Pneumonia is caused by bacteria, viruses or fungi and leaves children fighting for breath as their lungs fill with pus and fluid.
He said that the disease was the leading killer of children in Nigeria, causing death for 19 per cent of children less than five years of age.
He, nonetheless, said that most pneumonia deaths could be prevented with vaccines, easily treated with low-cost antibiotics.
He also said that more than 40 per cent of infants in Nigeria was not vaccinated and three in four children suffering from pneumonia symptoms did not get access to treatment.
Keogh quoted Mr Peter Hawkins, UNICEF Nigeria’s Country Representative, as saying “We have a responsibility to do all we can to avert these deaths by pneumonia — deaths that are nearly all preventable.’’
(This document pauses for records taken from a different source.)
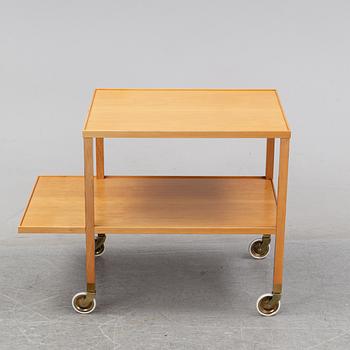 A walnut drink cart designed by Josef Frank for Firma Svenskt Tenn.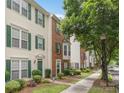 Charming townhome with brick facade, white siding, green shutters, and landscaped front yard at 9728 Blossom Hill Dr, Huntersville, NC 28078
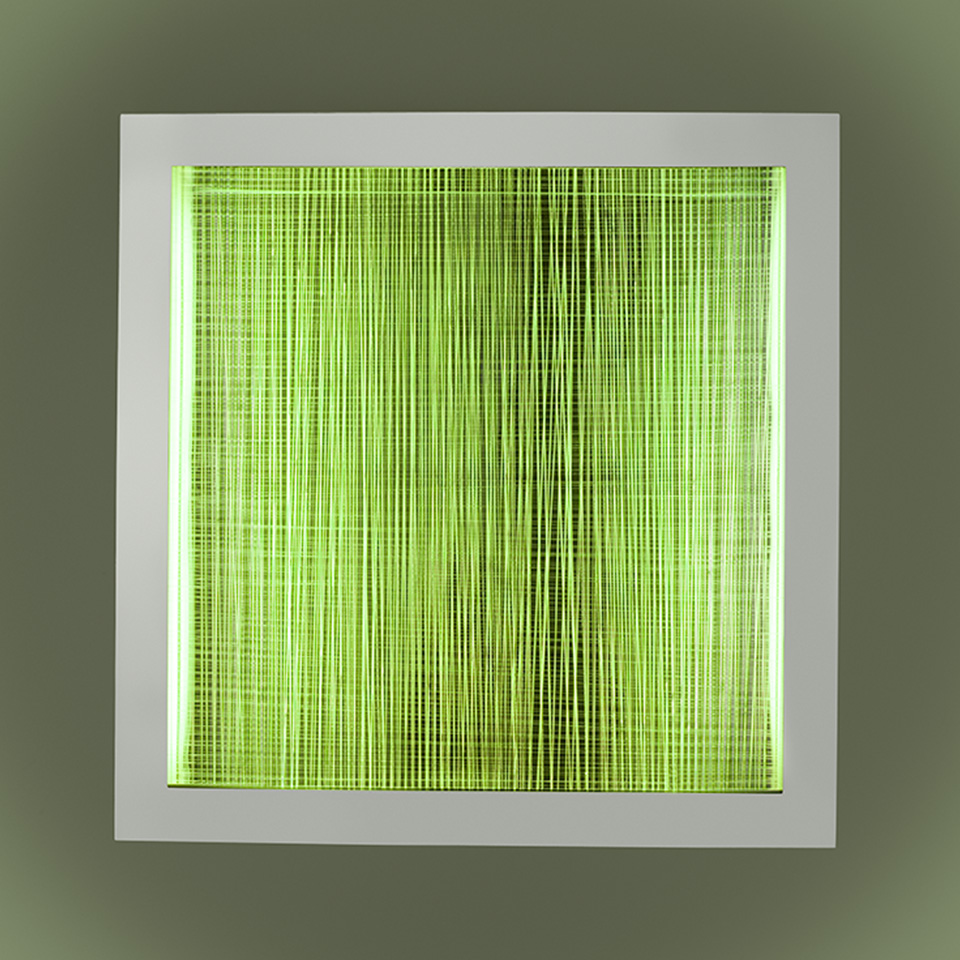 Artemide Altrove wall/ceiling lamp with white square frame and glowing green woven textile diffuser creating vibrant light pattern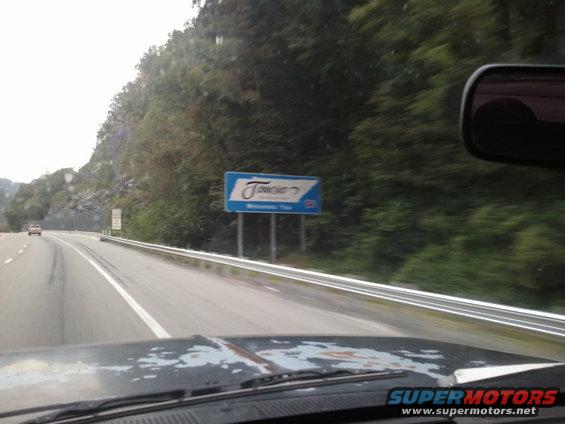 Driving past a sign that says "Tennessee Welcome". Another car is visible on the road ahead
News Agency of Nigeria (NAN) reports that from Jan. 29 to Jan.31, nine leading health and children’s organisations hosted world leaders at the Global Forum on Childhood Pneumonia in Barcelona, the first international conference on childhood pneumonia.
Minister of Health Osagie Emmanuel Ehanire will announce the pneumonia control strategy at the conference alongside Save the Children International.